Obama says don’t blame him for Trump, GOP ‘crackup’

President Obama on Thursday flatly rejected accusations that he is responsible for the rise of Donald Trump and the Republican primary “crackup,” saying the GOP has only itself to blame for the tinsel-haired showman’s stunning success.

“I have been blamed by Republicans for a lot of things, but being blamed for their primaries and who they’re selecting for their party is novel,” Obama told reporters at a joint press conference with visiting Canadian Prime Minister Justin Trudeau.

“What I’m not going to do is to validate some notion that the Republican crackup that’s been taking place is a consequence of actions that I’ve taken,” the president said.

Trump’s rise to odds-on favorite in the race for the Republican presidential nomination has shocked the political establishment and pundits.
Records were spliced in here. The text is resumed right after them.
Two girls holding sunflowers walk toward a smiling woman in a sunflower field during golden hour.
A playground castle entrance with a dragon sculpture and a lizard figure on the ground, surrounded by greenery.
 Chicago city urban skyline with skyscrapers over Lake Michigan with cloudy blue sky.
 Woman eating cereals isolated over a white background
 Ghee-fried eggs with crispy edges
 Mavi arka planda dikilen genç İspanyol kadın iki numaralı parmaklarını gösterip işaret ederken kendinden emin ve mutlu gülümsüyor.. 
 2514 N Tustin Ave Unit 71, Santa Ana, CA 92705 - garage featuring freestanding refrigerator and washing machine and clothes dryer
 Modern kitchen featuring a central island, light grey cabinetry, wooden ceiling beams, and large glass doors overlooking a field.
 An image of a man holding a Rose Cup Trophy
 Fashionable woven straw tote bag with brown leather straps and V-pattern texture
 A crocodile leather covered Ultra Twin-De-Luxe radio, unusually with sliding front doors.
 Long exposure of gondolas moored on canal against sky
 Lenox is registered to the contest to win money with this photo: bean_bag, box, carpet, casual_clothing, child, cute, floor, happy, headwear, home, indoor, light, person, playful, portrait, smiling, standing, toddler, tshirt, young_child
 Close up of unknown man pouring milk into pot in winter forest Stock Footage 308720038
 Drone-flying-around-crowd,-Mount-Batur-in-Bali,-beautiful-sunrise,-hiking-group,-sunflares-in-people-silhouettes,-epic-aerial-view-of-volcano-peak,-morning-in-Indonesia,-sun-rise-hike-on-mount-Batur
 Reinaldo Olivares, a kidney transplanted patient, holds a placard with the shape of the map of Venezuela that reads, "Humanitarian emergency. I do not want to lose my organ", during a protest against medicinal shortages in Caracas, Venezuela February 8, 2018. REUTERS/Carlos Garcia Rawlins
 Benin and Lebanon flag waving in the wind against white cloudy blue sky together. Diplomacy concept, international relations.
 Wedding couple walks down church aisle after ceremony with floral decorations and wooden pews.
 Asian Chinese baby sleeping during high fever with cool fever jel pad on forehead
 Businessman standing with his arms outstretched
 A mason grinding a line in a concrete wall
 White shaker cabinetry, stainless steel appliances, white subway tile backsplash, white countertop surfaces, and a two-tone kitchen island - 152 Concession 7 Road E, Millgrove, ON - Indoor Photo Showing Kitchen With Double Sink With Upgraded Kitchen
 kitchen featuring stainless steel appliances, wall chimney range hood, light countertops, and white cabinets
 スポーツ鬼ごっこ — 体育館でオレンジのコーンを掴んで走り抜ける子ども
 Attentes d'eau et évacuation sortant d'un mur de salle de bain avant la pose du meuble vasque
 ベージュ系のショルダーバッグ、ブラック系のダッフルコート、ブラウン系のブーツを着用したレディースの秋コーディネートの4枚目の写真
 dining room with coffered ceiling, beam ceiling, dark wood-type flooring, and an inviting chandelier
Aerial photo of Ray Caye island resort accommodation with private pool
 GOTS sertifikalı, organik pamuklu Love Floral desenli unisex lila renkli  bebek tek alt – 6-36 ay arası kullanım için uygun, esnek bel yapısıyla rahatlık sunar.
Some conservative figures have started to blame Obama for the brash New Yorker’s unexpected political triumphs in the early phase of the 2016 campaign.

Obama, standing next to Trudeau in the White House Rose Garden, acknowledged having “heard this argument a number of times” but charged that Trump flared up out of anger fueled by Republican leaders and conservative media.


President Obama and Canadian Prime Minister Justin Trudeau hold a joint press conference in the Rose Garden of the White House. (Photo: Chip Somodevilla/Getty Images)

“The Republican political elites and many of the information outlets — social media, news outlets, talk radio, television stations — have been feeding the Republican base, for the last seven years, a notion that everything I do is to be opposed; that cooperation or compromise somehow is a betrayal; that maximalist, absolutist positions on issues are politically advantageous; that there is a them-out-there and an us — and ‘them’ are the folks who are causing whatever problems you’re experiencing,” Obama said.

“What you’re seeing within the Republican Party is, to some degree, all those efforts, over a course of time, creating an environment where somebody like a Donald Trump can thrive,” Obama said. “He’s just doing more of what has been done for the last seven and a half years.”

A few years ago, Trump became the standard-bearer for the racism-tinged “birther” movement, whose followers profess to believe that the nation’s first black president was born in Kenya rather than his actual birthplace of Hawaii and is thus not eligible for the office he was twice elected to. Obama eventually released his long-form birth certificate.

“I don’t think that I was the one to prompt questions about my birth certificate, for example,” he added. “I don’t remember saying, ‘Hey, why don’t you ask me about that? Why don’t you question whether I’m American or whether I’m loyal or whether I have America’s best interests at heart?’”

Obama said Trump’s views on issues like immigration are “not very different” from those of some of his rivals for the GOP nomination, including Senators Ted Cruz and Marco Rubio. “Mr. Trump might just be more provocative in terms of how he says it, but the actual positions aren’t that different,” the president said.

Obama, who has previously predicted that Trump will not win the White House, said it was time for “thoughtful conservatives” to fight for the soul of their party.

“I think it is very important for them to reflect on what it is about the politics they’ve engaged in that allows the circus we’ve been seeing to transpire and to do some introspection,” Obama said. “I want a serious, effective Republican Party, in part to challenge some of the blind spots and dogmas in the Democratic Party.”

Trudeau, asked to weigh in on the 2016 race and what impact a Trump victory might have on U.S.-Canada relations, sidestepped the question.

“I have tremendous confidence in the American people and look forward to working with whomever they choose to send to this White House later this year,” he said.